After Taha’a, we sail for Bora Bora. The ship navigates the only opening in the wide reef surrounding the island and moors in its large harbor. While sampling a drink complete with the obligatory tiny umbrella decoration, we meet a couple who’s staying on board. “While everyone is off on an excursion, we have the place to ourselves.” Not that the ship ever feels crowded but they’ve done this cruise before and don’t feel the need to disembark. However, we can’t pass up on exploring the island of which James Michener wrote “Anyone who has ever been there wants to go back.”
The efficient tender service zips us from the ship to the town pier. We negotiate a rental and are off in some French golf cart of a car to circumnavigate the island. The coast road sandwiches us between the dappled ocean and the sharp volcanic crests towering above. We pass stands with rainbow hued pareos billowing in the breeze but stop at some black pearl shops. The pearls are called “black” because they are locally farmed in black-lipped oysters. Ranging in color from creamy white to pink to misty black, their satiny luster gleams with an understated, sensual elegance. Continuing our drive, we pass some energetic fellow passengers on rental bikes. As they battle the fierce head wind, we’re glad of our little putt-putt and the forewarning of the wind our steward gave.
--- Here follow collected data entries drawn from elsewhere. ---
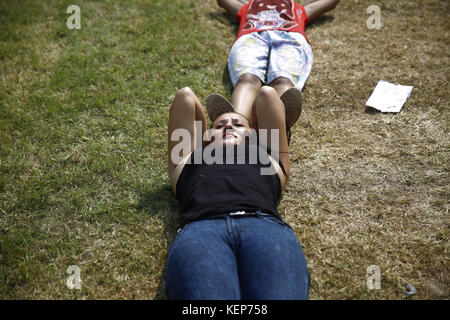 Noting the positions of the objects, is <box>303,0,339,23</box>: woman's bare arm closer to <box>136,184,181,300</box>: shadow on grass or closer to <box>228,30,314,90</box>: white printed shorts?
<box>228,30,314,90</box>: white printed shorts

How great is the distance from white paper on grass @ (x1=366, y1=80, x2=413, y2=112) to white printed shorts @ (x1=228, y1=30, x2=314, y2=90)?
80 cm

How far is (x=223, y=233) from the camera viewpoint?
2.33 meters

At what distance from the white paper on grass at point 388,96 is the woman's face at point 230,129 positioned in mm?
1747

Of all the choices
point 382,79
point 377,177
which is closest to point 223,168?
point 377,177

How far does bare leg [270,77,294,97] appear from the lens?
150 inches

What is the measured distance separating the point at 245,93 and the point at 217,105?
52 cm

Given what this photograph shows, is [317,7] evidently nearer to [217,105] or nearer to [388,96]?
[388,96]

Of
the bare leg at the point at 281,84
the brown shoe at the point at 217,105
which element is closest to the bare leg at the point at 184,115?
the brown shoe at the point at 217,105

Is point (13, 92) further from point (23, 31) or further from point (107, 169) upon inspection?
point (107, 169)

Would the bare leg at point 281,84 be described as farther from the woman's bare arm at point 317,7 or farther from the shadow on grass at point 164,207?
the woman's bare arm at point 317,7

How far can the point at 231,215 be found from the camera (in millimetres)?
2402

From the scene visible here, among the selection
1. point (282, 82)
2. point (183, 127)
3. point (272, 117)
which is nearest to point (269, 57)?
point (282, 82)

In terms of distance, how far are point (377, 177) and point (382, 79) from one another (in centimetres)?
157

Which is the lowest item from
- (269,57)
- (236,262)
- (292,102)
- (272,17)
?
(236,262) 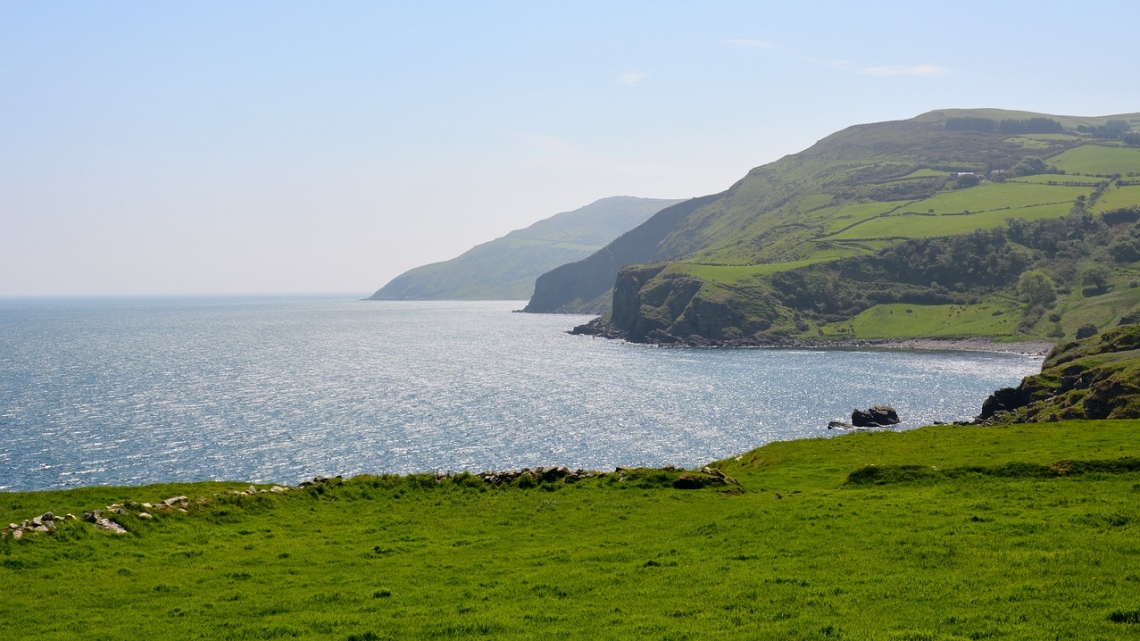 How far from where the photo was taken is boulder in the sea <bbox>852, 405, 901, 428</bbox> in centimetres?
12638

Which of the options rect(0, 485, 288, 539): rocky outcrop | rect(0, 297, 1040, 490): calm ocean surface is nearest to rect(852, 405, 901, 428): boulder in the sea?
rect(0, 297, 1040, 490): calm ocean surface

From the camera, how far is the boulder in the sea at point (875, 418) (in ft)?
415

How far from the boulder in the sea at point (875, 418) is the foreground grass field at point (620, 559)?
8782 cm

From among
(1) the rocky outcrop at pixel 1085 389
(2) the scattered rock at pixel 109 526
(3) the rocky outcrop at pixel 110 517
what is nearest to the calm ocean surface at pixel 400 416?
(1) the rocky outcrop at pixel 1085 389

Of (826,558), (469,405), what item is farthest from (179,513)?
(469,405)

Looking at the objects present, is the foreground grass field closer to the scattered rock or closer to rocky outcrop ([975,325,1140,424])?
the scattered rock

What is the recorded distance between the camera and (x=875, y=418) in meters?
127

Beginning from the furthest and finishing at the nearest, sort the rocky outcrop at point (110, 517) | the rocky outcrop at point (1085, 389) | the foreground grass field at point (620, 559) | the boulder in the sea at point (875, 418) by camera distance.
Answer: the boulder in the sea at point (875, 418)
the rocky outcrop at point (1085, 389)
the rocky outcrop at point (110, 517)
the foreground grass field at point (620, 559)

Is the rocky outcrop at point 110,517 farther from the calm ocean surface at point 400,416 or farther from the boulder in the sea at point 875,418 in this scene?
the boulder in the sea at point 875,418

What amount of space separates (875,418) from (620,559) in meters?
111

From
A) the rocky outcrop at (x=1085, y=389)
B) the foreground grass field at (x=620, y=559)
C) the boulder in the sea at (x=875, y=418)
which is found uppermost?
the foreground grass field at (x=620, y=559)

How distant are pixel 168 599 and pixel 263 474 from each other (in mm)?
72620

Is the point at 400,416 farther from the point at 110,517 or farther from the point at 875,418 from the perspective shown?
the point at 110,517

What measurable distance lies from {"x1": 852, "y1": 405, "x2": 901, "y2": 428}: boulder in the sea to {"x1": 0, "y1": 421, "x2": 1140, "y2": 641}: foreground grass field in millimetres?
87818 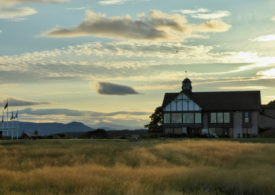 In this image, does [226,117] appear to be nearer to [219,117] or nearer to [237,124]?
[219,117]

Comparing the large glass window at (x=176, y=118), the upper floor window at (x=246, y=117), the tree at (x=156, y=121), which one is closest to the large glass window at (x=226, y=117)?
the upper floor window at (x=246, y=117)

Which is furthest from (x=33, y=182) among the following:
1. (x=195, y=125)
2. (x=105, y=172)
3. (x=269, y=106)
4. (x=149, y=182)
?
(x=269, y=106)

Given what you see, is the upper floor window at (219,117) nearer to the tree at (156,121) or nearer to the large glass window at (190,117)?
the large glass window at (190,117)

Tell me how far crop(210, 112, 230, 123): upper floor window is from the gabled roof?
30.8 inches

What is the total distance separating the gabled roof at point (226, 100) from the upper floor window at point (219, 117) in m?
0.78

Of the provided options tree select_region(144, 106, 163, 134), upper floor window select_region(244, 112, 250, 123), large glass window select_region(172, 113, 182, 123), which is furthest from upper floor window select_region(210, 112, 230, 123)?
tree select_region(144, 106, 163, 134)

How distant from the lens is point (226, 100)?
72250mm

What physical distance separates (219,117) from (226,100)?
3.54 m

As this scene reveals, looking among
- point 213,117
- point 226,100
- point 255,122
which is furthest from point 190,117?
point 255,122

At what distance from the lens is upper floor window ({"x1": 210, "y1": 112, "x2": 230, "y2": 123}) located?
70.6 meters

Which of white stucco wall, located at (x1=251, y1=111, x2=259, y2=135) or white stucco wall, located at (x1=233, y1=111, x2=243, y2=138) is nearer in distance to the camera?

Besides dispensing advice about touring the islands, the crew spoils us. Our cabin is kept so tidy; I want to take our steward home. As I finish adding buffet items to my luncheon plate, a waiter whisks it from my hand, escorts us to our favorite veranda table, and then gallantly serves my plate. Although their contracts are long and homesickness inevitable, the Gauguin’s crew return rate is over eighty per cent. Having your needs met almost instantly with such prideful service is addictive and we’re already bemoaning the fact that being en route to Moorea means the cruise is almost over.
Before reaching Moorea we circumnavigate Tetiaroa, the small palm-fringed and reef-ringed island chain purchased by Marlon Brando in 1966. Imagine owning a tropical paradise.
Dreaming of that, we begin our last excursion; a 60 km drive around Moorea. There are glimpses of romantic overwater bungalows, small villages nestled in jungle vegetation, and pineapple fields perched on steep hillsides. We watch fishermen unloading their freshly caught blue fin tuna and hanging them on a rack for roadside sale. En route to the top of the Belvedere for views of our ship anchored in the bay, we explore the ruins of a marae, an ancient Tahitian sacred place. The jungle has already clambered over much of its low walls.
As we sail from Moorea, I spot a friend looking wistfully back at the island. She’s sad to leave but grins and holds up a handful of cruise brochures. No way will she wait until 65 for her next cruise and neither will we.